Michael Holmes (holmic@bethel.edu)
Tue, 18 Nov 1997 17:48:15 -0600 (CST)

At 10:32 AM 11/18/97 +0000, Clayton Bartholomew asked:
>Ropes reads OUN for DE in Bezae for Acts 7:12. This is minutia but I
>cannot find this reading in any other source available to me. Alford
>tracks with Ropes about 99% even on spelling issues like EI for H, etc.
>So I am wondering if Ropes slipped up here or if this reading has fallen
>through the cracks in my other sources.

A check of Scrivener's edition (a transcription of the text of Bezae in
ordinary Greek type) of Codex Bezae (_Bezae Codex Cantabrigiensis_, reprint
Pickwick Press, Pittsburgh, PA, 1978) confirms that Ropes is correct in his
presentation of the text of Bezae: OUN for DE. A check of David Parker's
list of corrections to Scrivener's transcription of Bezae confirms Scrivener
at this point (D.C. Parker, _Codex Bezae: An early Christian manuscript and
its text_ [Cambridge U.Press, 1992]).

>Is von Soden available anywhere for purchase? If not is there some other
>reference that would serve as a substitute? I understand (from K. & B.
>Aland's book) that von Soden is somewhat difficult to use. Can anyone
>verify this? What is one to do if one wants to study the text of the NT
>in detail?

Edward Hobbs, in his reply to Clayton, indicated why von Soden is difficult
to use. At present there is still no replacement in general for
Tischendorf's massive eighth edition of his Greek NT (now a century and a
quarter old). He uses an older system of numbering MSS, which can be
converted to the current Gregory/Aland system by using the conversion table
in K. Aland, _Kurzgefasste Lise der griechischen Handschriften des neuen
Testaments_ (2nd ed; de Gruyter, 1994) 377-389 (conversion tables for von
Soden to Gregory and Gregory to von Soden are on pp. 390-ff.).
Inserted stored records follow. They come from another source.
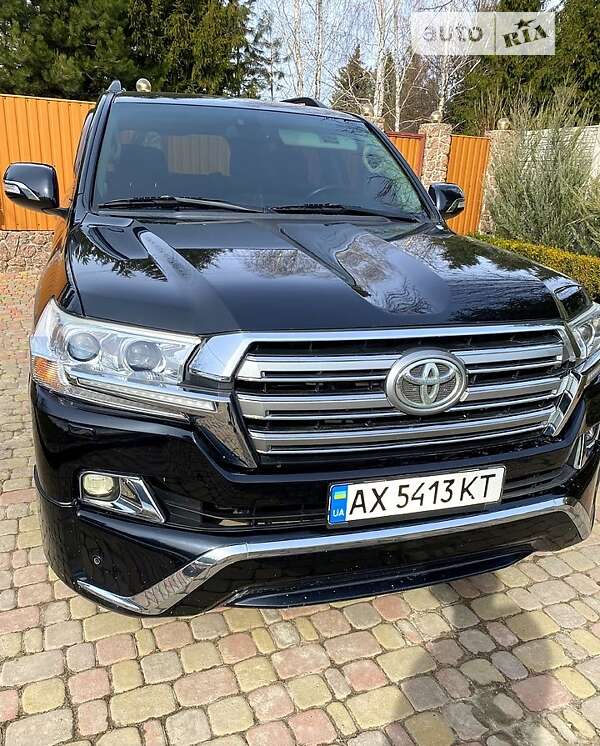 2012 toyota land-cruiser-200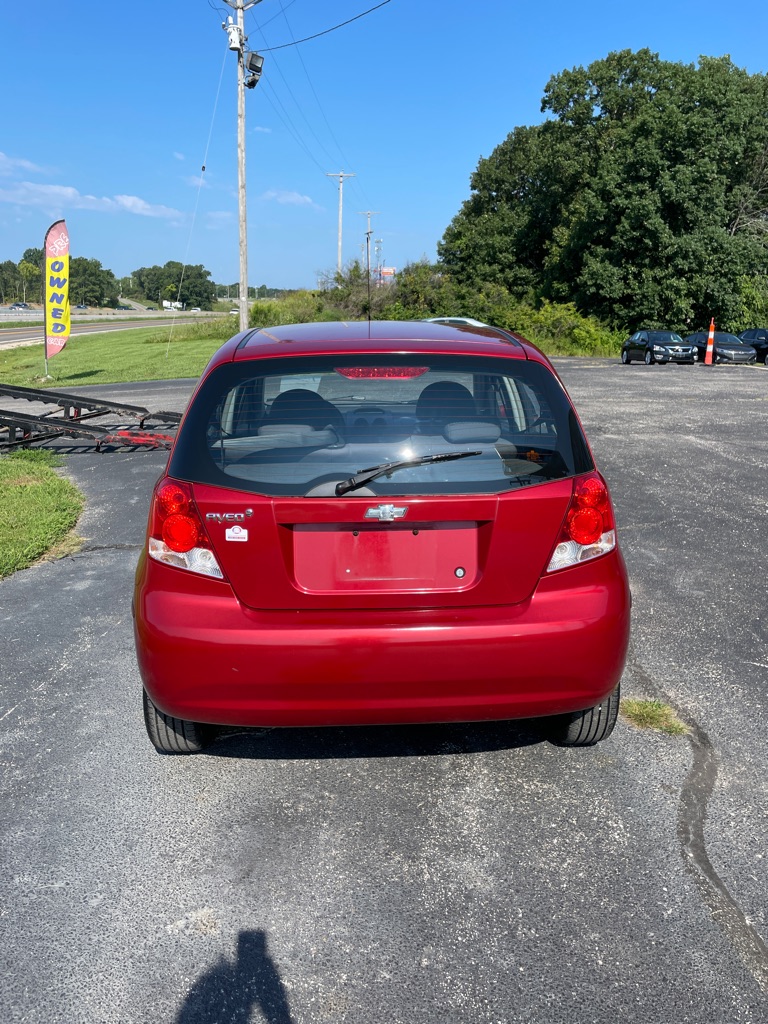 Photo 4 of this CHEVROLET AVEO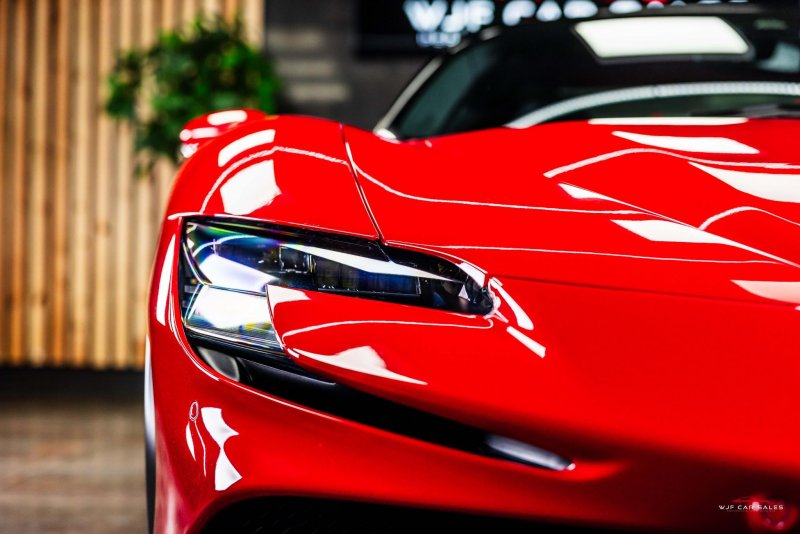 FERRARI SF90 STRADALE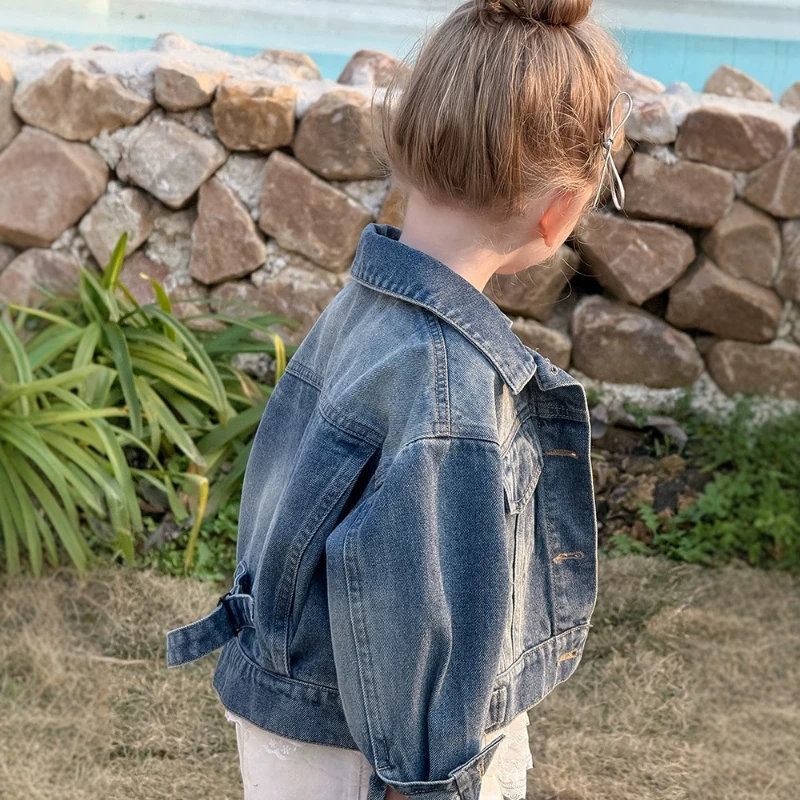 Children's Coat Spring 2025 Korean Girls Retro Denim Coat Children's Single-breasted Denim Coat
Children's Coat Spring 2025 Korean Girls Retro Denim Coat Children's Single-breasted Denim Coat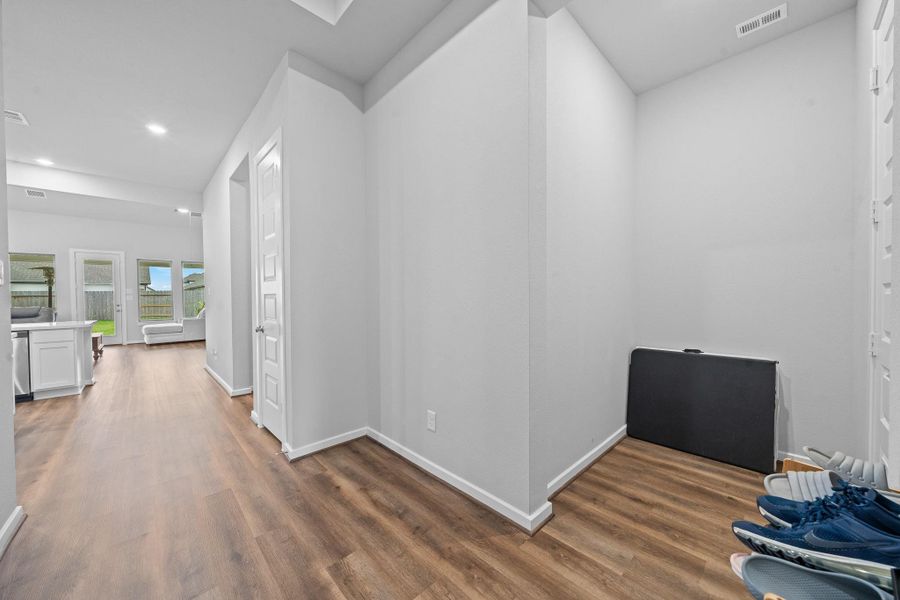 Spacious, unfurnished interior of a new home in Marvida 45', Cypress (Image 19). Spacious, unfurnished interior of a new home in Marvida 45', Cypress (Image 19).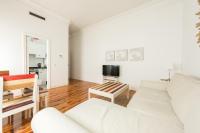 TV a/nebo společenská místnost v ubytování Apartamentos Alcalá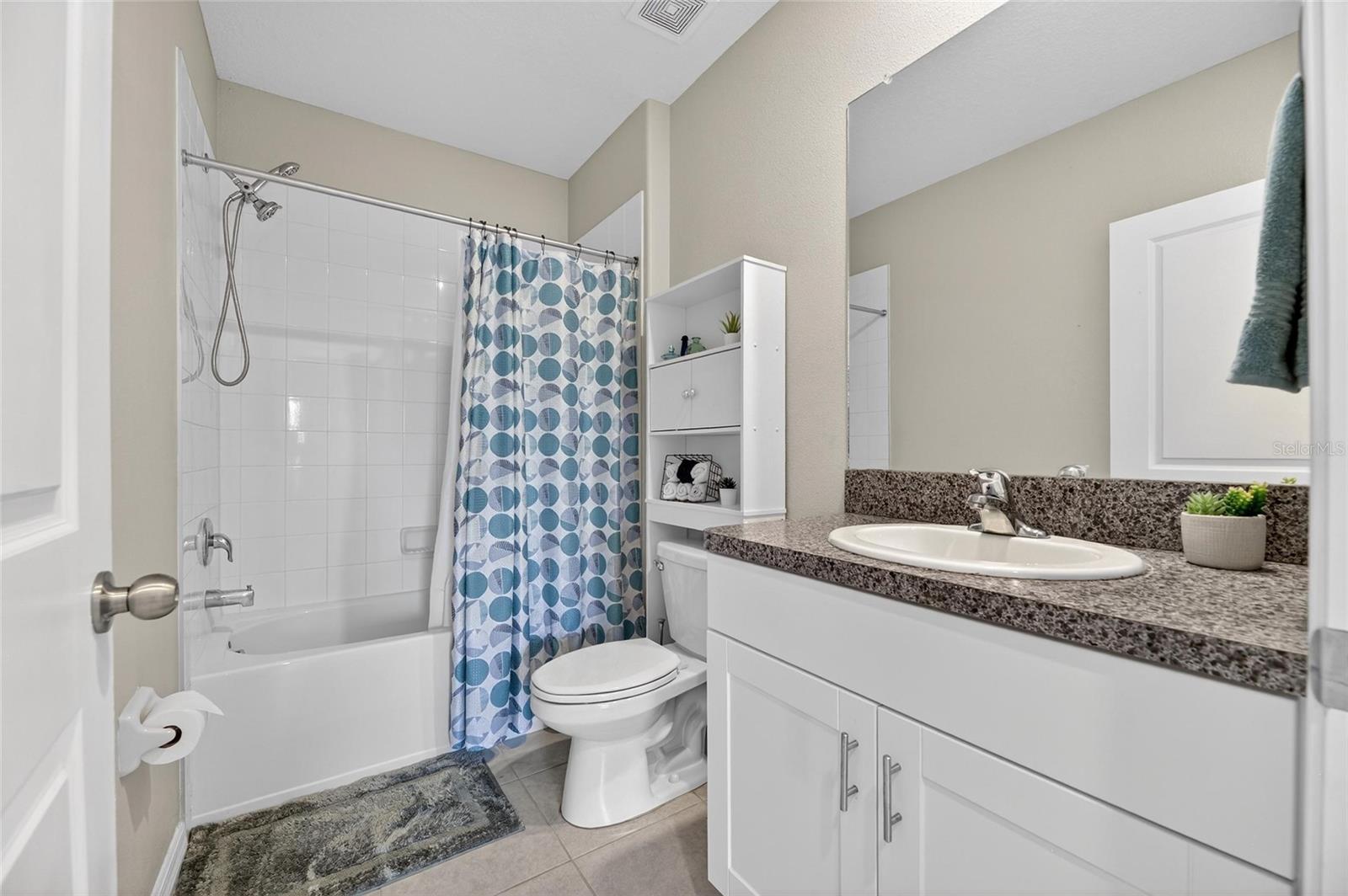 Listing photo id 20 for 16791 Delia Street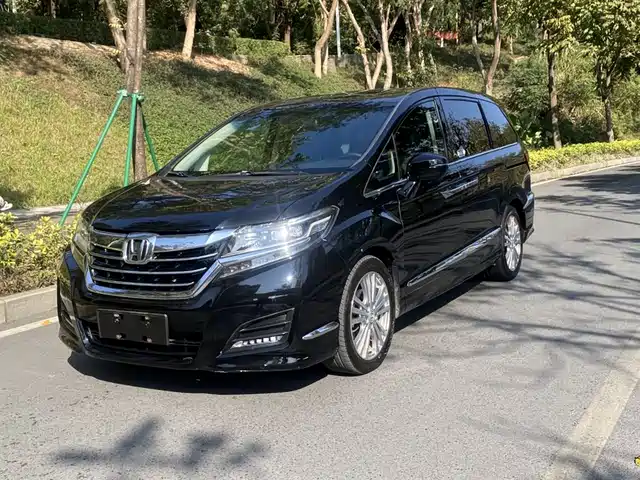 Honda Alison Alison 2016 2.4l Fashion Edition — фото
Beyond this, it is a matter of learning, on a book by book basis, what other
more recent resources might be available: Ropes, for example, on the text of
Acts (vol. 3 in the five-vol. series on Acts ed. by Jackson and Lake), and
now Boismard and Lamouille's multi-volume publications on the same book; the
IGNTP volume on Luke; S. C. E. Legg for Matthew and Mark (though they must
be used with great caution); the IGNTP volume on the papyri MSS of the
Gospel of John; just now published, by the Institute for NT Textual Research
in Muenster, the volume on James--the first part of what they are calling
_Novum Testamentum Graecum: editio critica maior_.

Sorry for the longish post re textual criticism on B-Greek, but Clayton's
question seemed to call for a bit of detail for a response to be useful, and
perhaps others have had similar questions. And after all, it is in the
variant readings of the NT manuscript tradition that we find some of the
more interesting grammatical questions or issues--and not infrequently, in
the form of some variant readings, clues as to how Greek scribes interpreted
or rendered a difficult or awkward construction about which we now puzzle.